On a glorious sunny morning at Oak Hill Country Club, Woods laid up in two after taking an iron off the tee at the par-five 13th before hitting a stunning approach to a foot short of the cup for a tap-in putt.
That put the four-times champion among a large contingent at one under, two behind fellow Americans Robert Garrigus and David Toms.
PGA Tour journeyman Garrigus, who teed off in the second group of the day at the 10th, had completed 11 holes while Toms, winner of the 2001 PGA Championship, was through seven.
Thailand's Kiradech Aphibarnrat, competing in just his second major, was at two under after 10 holes, level with Americans Rickie Fowler, Tommy Gainey and Kevin Streelman, Canadian David Hearn and Austria's Bernd Wiesberger.
Fowler had completed eight holes, Gainey nine, Streelman four, Hearn nine and Wiesberger three on a par-70 East Course softened by two inches of rain overnight.
The biggest galleries of the morning, however, were following Woods who had started out at the par-four 10th in the company of former champions Keegan Bradley and Davis Love III.
The world number one salvaged par on his first hole after finding the first cut of rough on the right off the tee and ending up just short of the green with his approach.
Woods chipped eight feet past the hole but sank the slick putt coming back.

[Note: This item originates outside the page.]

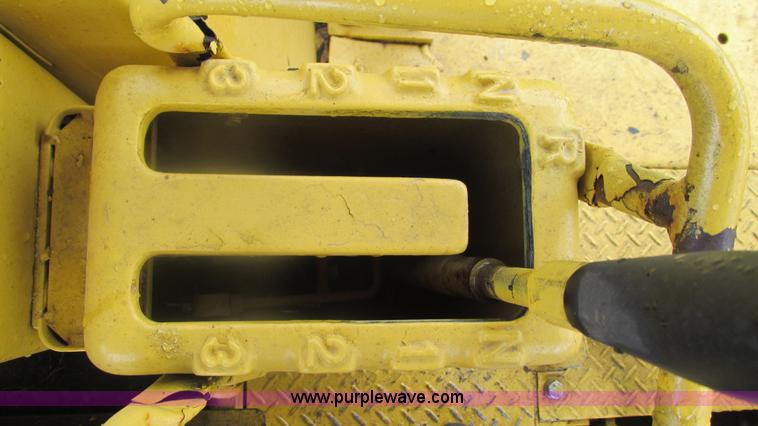 image for item J8509 Komatsu D65E dozer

He had to get up and down from tangly greenside rough at the par-three 11th before making a rock-solid, two-putt par at the 12th where he took an iron off the tee and hit his second to 35 feet below the hole.
Woods came into this week as a heavy favourite after coasting to his 79th PGA Tour victory in the WGC-Bridgestone Invitational on Sunday.
Though he has not claimed a major title since the 2008 U.S. Open, his runaway triumph last week suggested every component of his game is in top order.
"Any time you can go into a major tournament, or any tournament, with a win under your belt it's nice," Woods said. "It validates what you're working on and you have some nice momentum going in there."
Among the late starters on Thursday was defending champion Rory McIlroy, who is seeking to turn his game around after a poor year by his standards.
McIlroy was set to tee off from the first at 1.25 pm (1725 GMT) in the company of former winners Vijay Singh of Fiji (1998) and Germany's Martin Kaymer (2010).
Also setting off in the afternoon was the marquee group of this year's major winners - Australian Adam Scott (Masters), Englishman Justin Rose (U.S. Open) and American Phil Mickelson (British Open).